> _Task to carry out_: Go to the line with "Max Mara Green Cotton Blouse" in the records below, then output it and each following line exactly, up to and including the line with "UNIDAD DE ALMACENAMIENTO". Skip pictures and add nothing.

> _Collected data_:
########################################

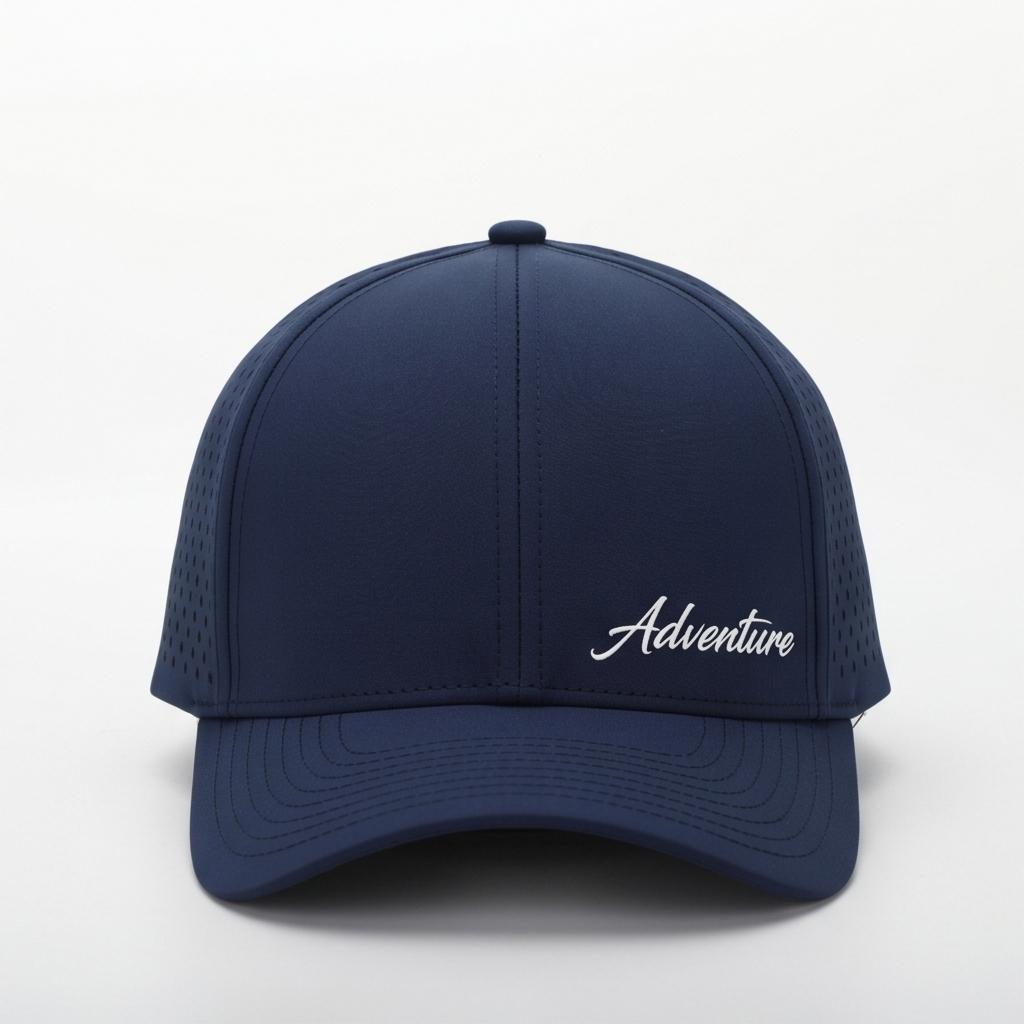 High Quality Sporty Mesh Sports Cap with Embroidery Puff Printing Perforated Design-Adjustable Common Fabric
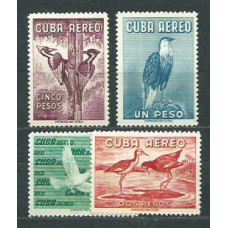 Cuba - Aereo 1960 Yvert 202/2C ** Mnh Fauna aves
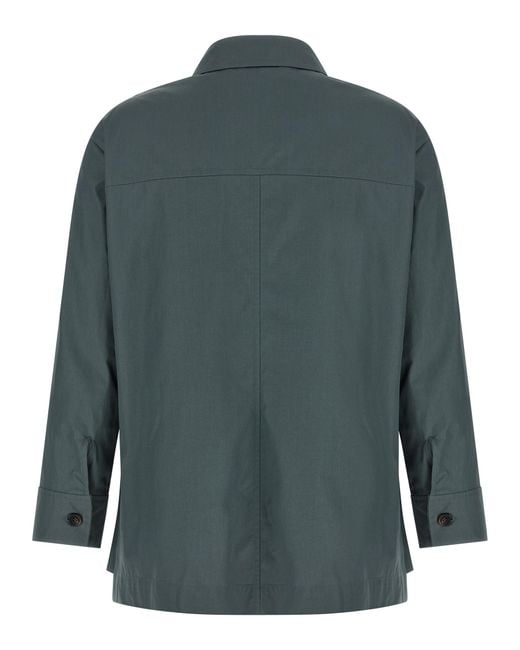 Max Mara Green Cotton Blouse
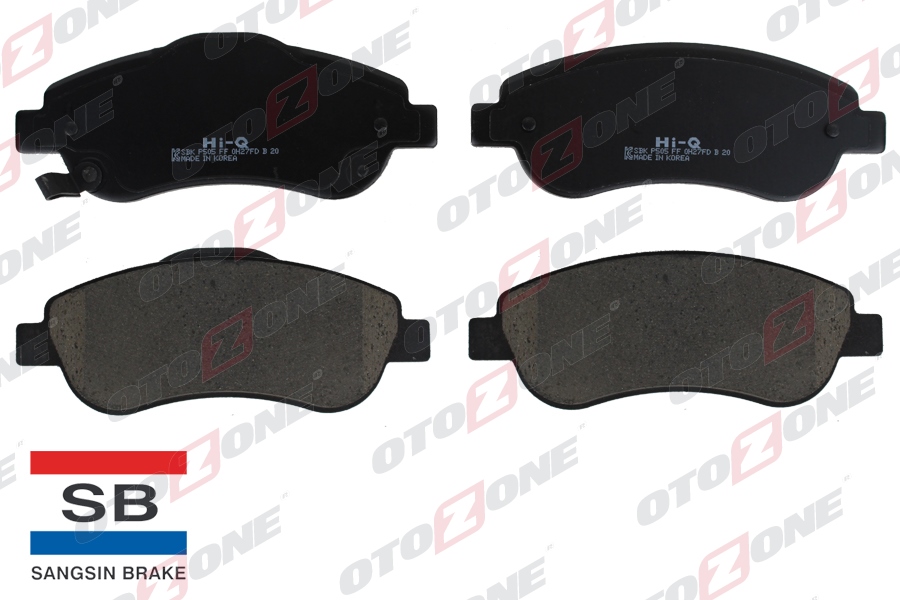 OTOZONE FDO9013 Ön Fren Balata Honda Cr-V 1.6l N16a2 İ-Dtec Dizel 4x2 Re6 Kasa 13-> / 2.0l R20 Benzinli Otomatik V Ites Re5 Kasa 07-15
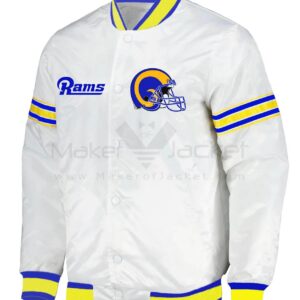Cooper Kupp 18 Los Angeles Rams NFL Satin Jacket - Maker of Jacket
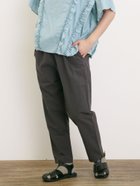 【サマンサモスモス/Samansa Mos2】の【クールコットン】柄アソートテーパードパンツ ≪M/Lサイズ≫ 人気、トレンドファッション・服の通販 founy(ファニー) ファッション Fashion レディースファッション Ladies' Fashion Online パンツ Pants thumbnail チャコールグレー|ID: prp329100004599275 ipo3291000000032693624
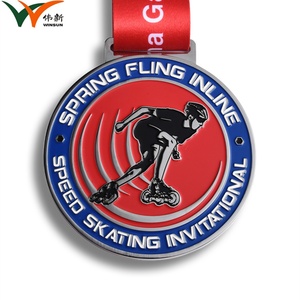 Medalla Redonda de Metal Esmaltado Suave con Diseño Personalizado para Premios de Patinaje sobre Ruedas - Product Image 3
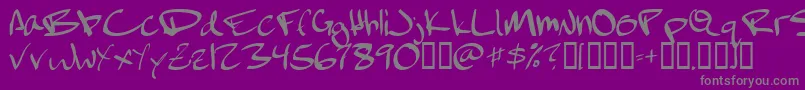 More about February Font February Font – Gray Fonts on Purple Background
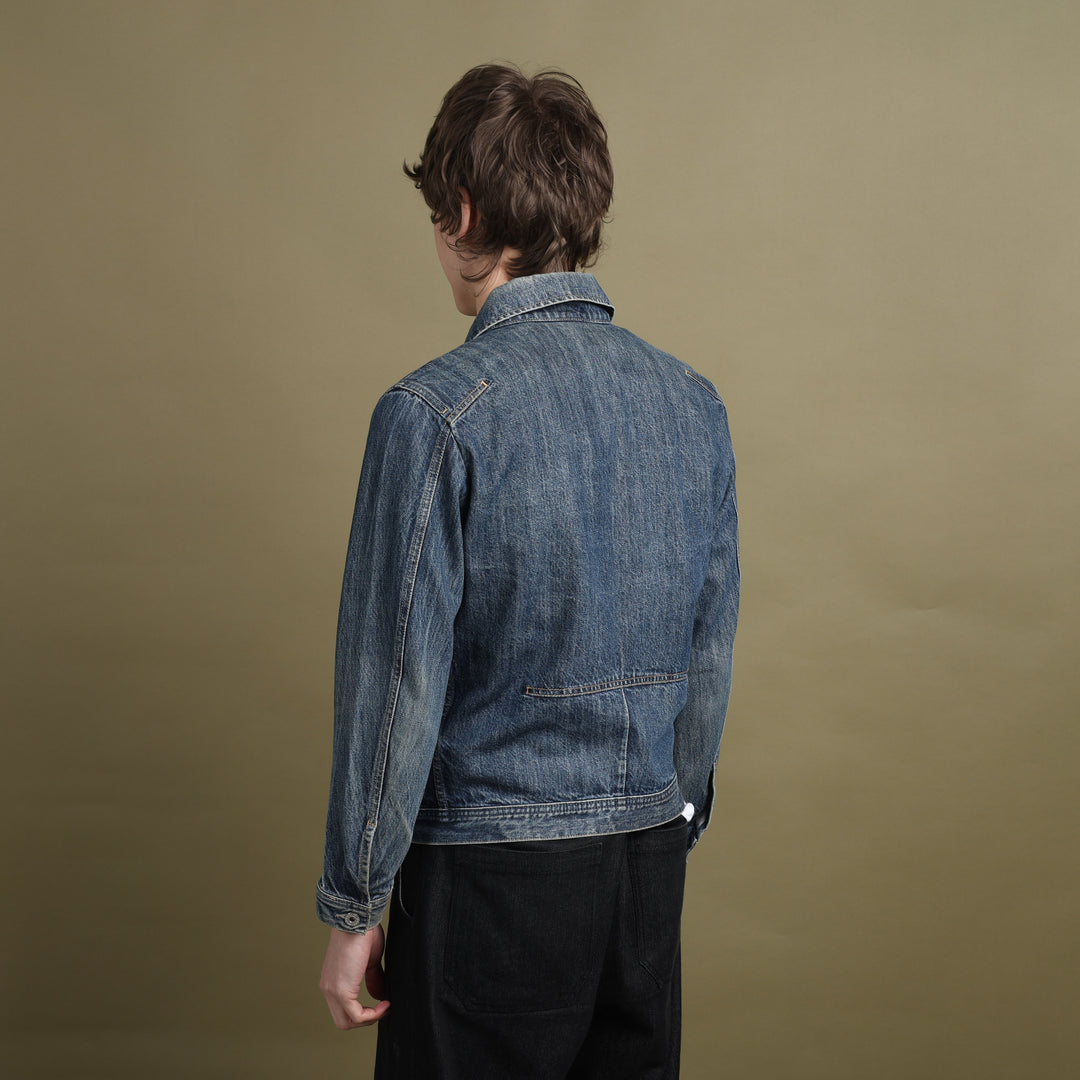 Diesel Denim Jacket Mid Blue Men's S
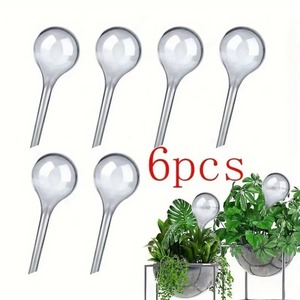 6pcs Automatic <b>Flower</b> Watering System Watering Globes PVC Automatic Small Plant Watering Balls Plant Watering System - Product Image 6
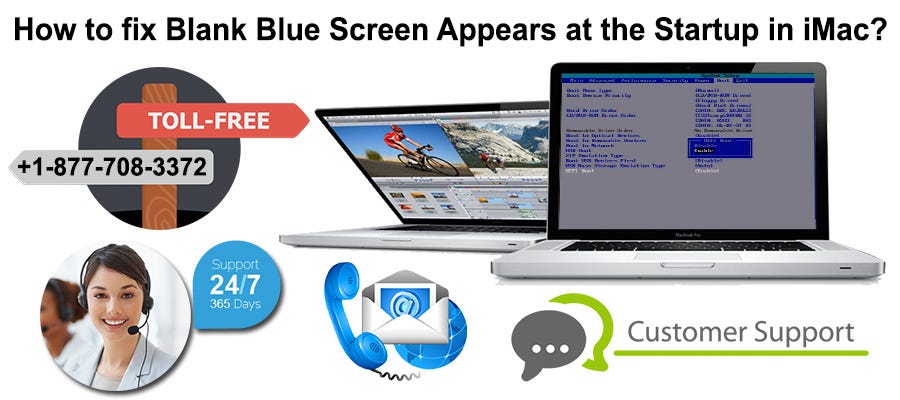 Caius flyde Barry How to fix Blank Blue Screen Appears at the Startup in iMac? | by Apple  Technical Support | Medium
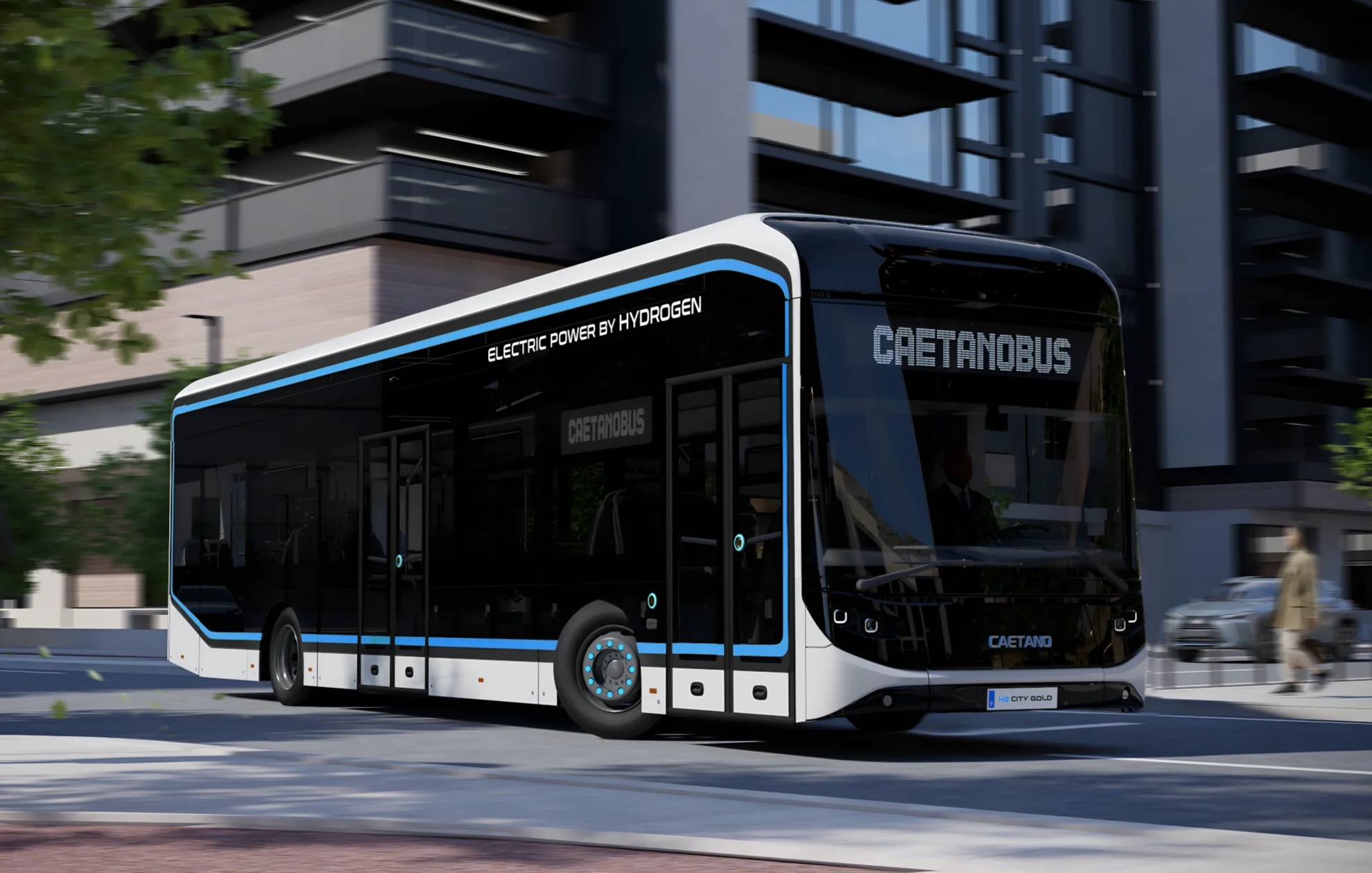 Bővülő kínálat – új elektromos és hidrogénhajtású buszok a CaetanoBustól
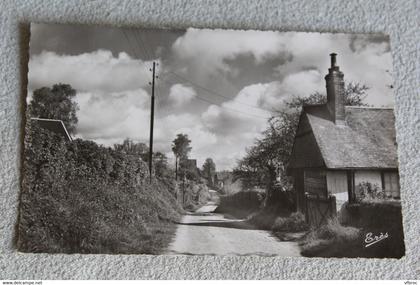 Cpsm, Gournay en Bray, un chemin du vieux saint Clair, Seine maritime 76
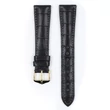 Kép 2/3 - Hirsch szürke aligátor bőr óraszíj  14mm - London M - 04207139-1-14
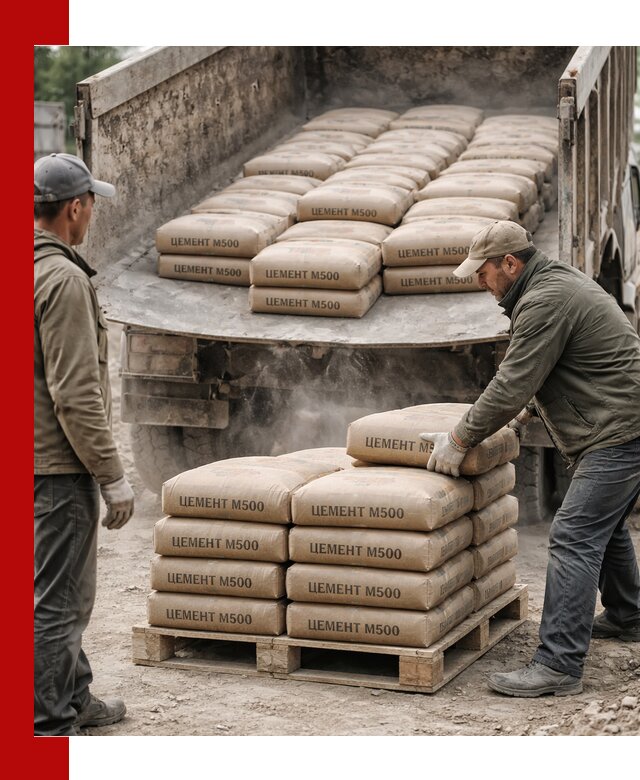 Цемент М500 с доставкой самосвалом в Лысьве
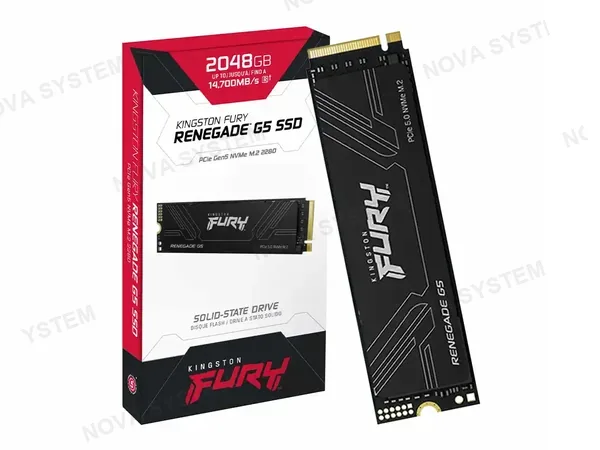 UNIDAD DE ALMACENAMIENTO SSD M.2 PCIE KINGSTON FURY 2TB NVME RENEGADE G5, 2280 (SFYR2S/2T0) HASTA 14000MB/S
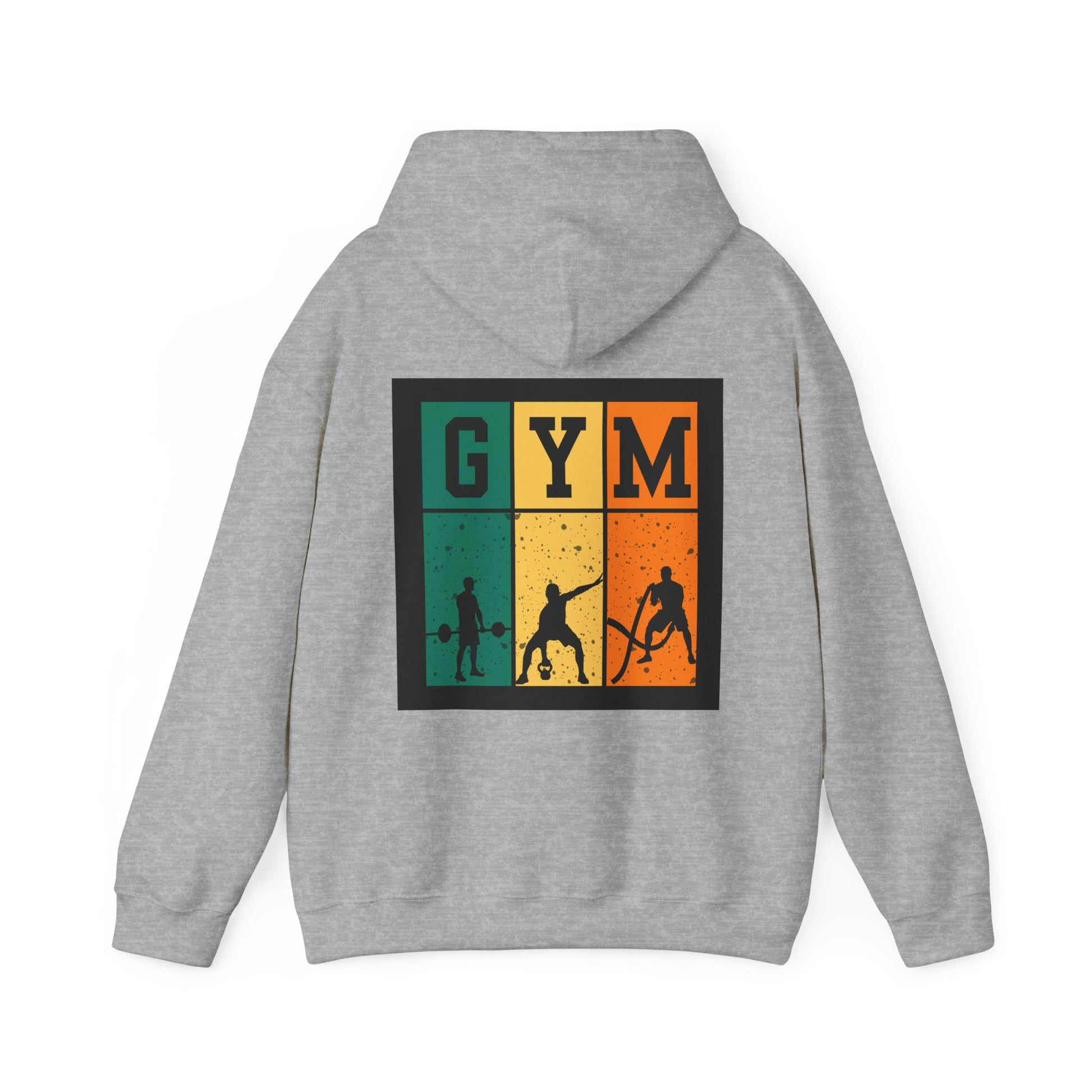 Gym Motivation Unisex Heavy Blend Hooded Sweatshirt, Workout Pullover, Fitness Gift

########################################

> _Response area_:
 Max Mara Green Cotton Blouse
 OTOZONE FDO9013 Ön Fren Balata Honda Cr-V 1.6l N16a2 İ-Dtec Dizel 4x2 Re6 Kasa 13-> / 2.0l R20 Benzinli Otomatik V Ites Re5 Kasa 07-15
Cooper Kupp 18 Los Angeles Rams NFL Satin Jacket - Maker of Jacket
 【サマンサモスモス/Samansa Mos2】の【クールコットン】柄アソートテーパードパンツ ≪M/Lサイズ≫ 人気、トレンドファッション・服の通販 founy(ファニー) ファッション Fashion レディースファッション Ladies' Fashion Online パンツ Pants thumbnail チャコールグレー|ID: prp329100004599275 ipo3291000000032693624
 Medalla Redonda de Metal Esmaltado Suave con Diseño Personalizado para Premios de Patinaje sobre Ruedas - Product Image 3
 More about February Font February Font – Gray Fonts on Purple Background
 Diesel Denim Jacket Mid Blue Men's S
 6pcs Automatic <b>Flower</b> Watering System Watering Globes PVC Automatic Small Plant Watering Balls Plant Watering System - Product Image 6
 Caius flyde Barry How to fix Blank Blue Screen Appears at the Startup in iMac? | by Apple  Technical Support | Medium
 Bővülő kínálat – új elektromos és hidrogénhajtású buszok a CaetanoBustól
 Cpsm, Gournay en Bray, un chemin du vieux saint Clair, Seine maritime 76
 Kép 2/3 - Hirsch szürke aligátor bőr óraszíj  14mm - London M - 04207139-1-14
 Цемент М500 с доставкой самосвалом в Лысьве
 UNIDAD DE ALMACENAMIENTO SSD M.2 PCIE KINGSTON FURY 2TB NVME RENEGADE G5, 2280 (SFYR2S/2T0) HASTA 14000MB/S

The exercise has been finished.